EXERCISE DIRECTIONS — Pictures stay out of the copy, and everything else in the data below is repeated exactly.

GIVEN DATA —
◆ ◆ ◆ ◆

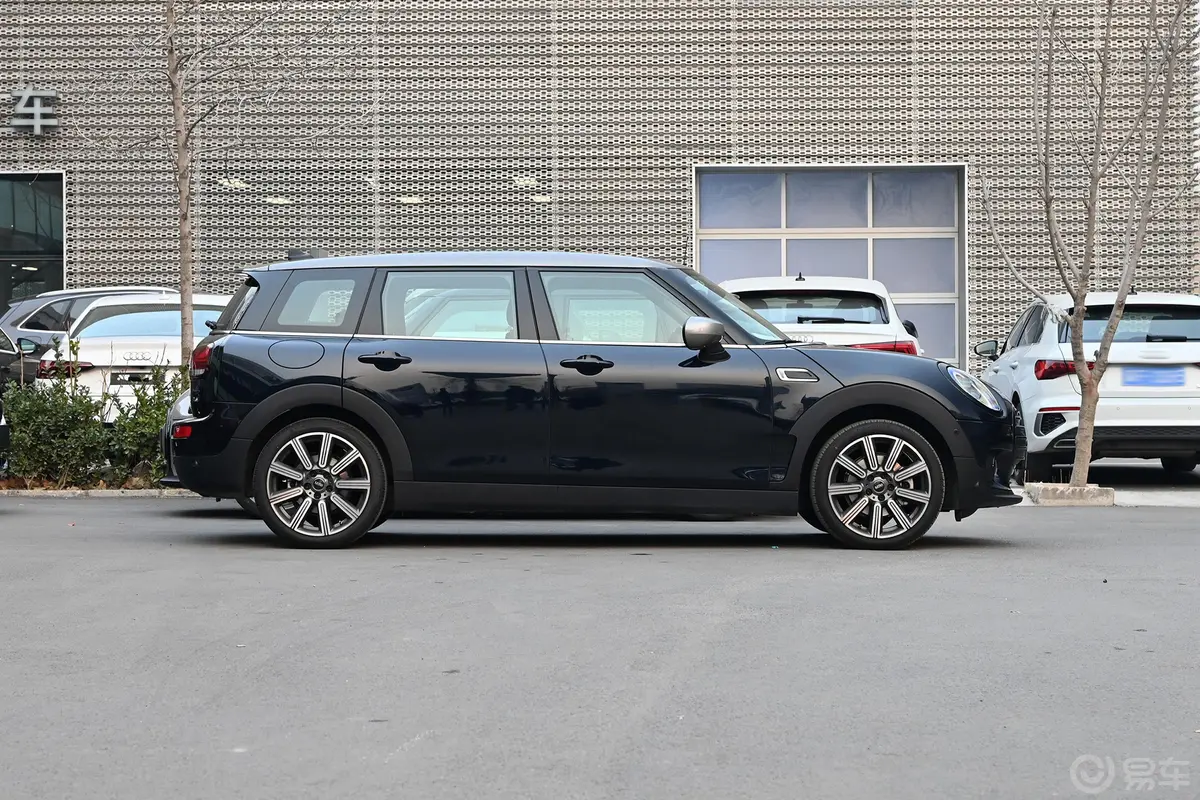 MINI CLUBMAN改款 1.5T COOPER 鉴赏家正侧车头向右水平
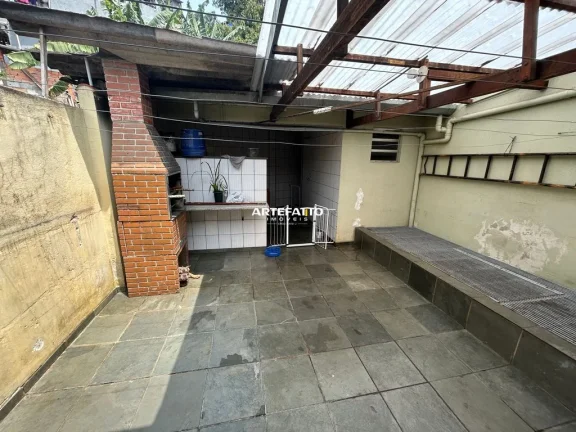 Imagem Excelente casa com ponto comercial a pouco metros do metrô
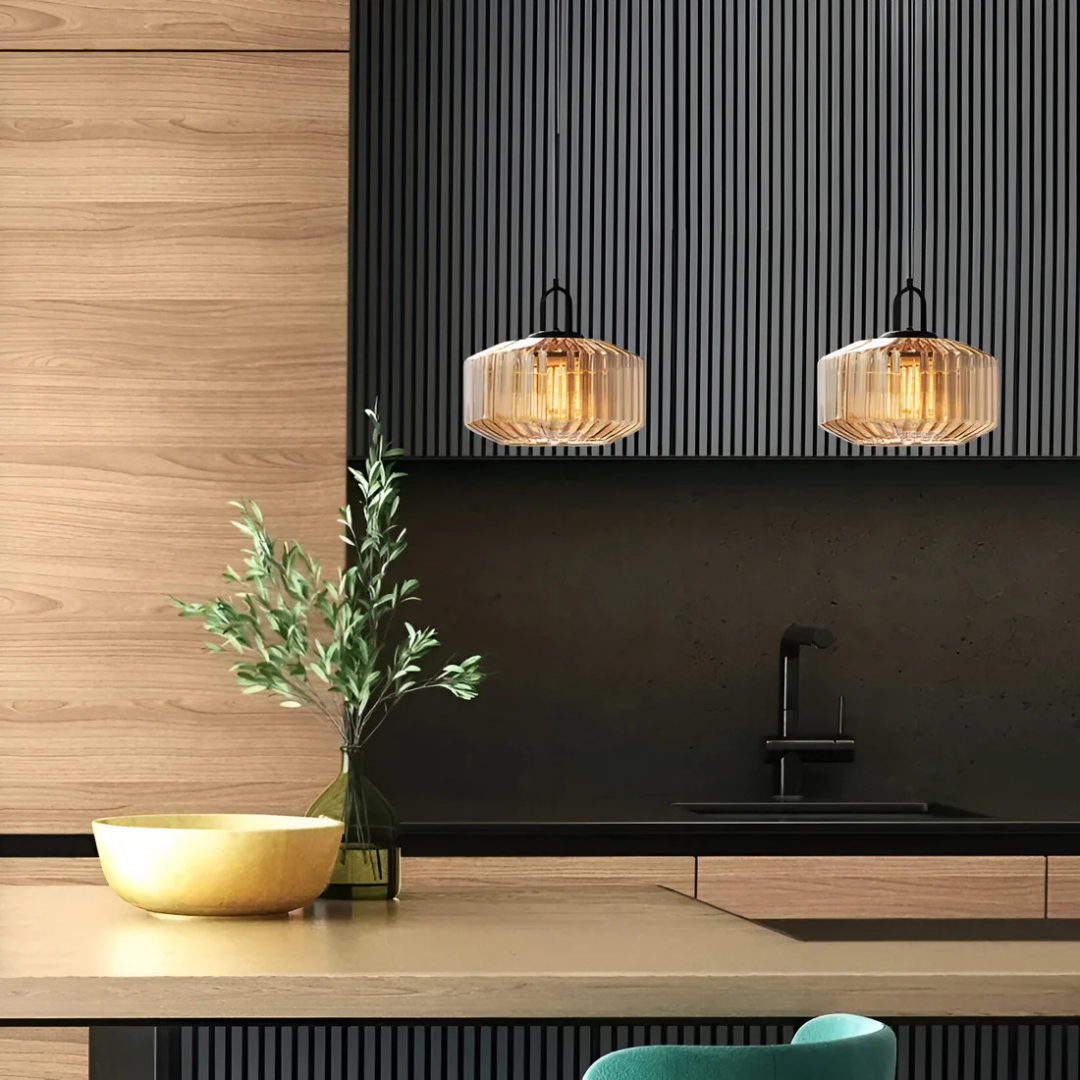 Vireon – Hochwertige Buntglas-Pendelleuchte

◆ ◆ ◆ ◆

SOLUTION FOR THIS PROBLEM —
 MINI CLUBMAN改款 1.5T COOPER 鉴赏家正侧车头向右水平
 Imagem Excelente casa com ponto comercial a pouco metros do metrô
 Vireon – Hochwertige Buntglas-Pendelleuchte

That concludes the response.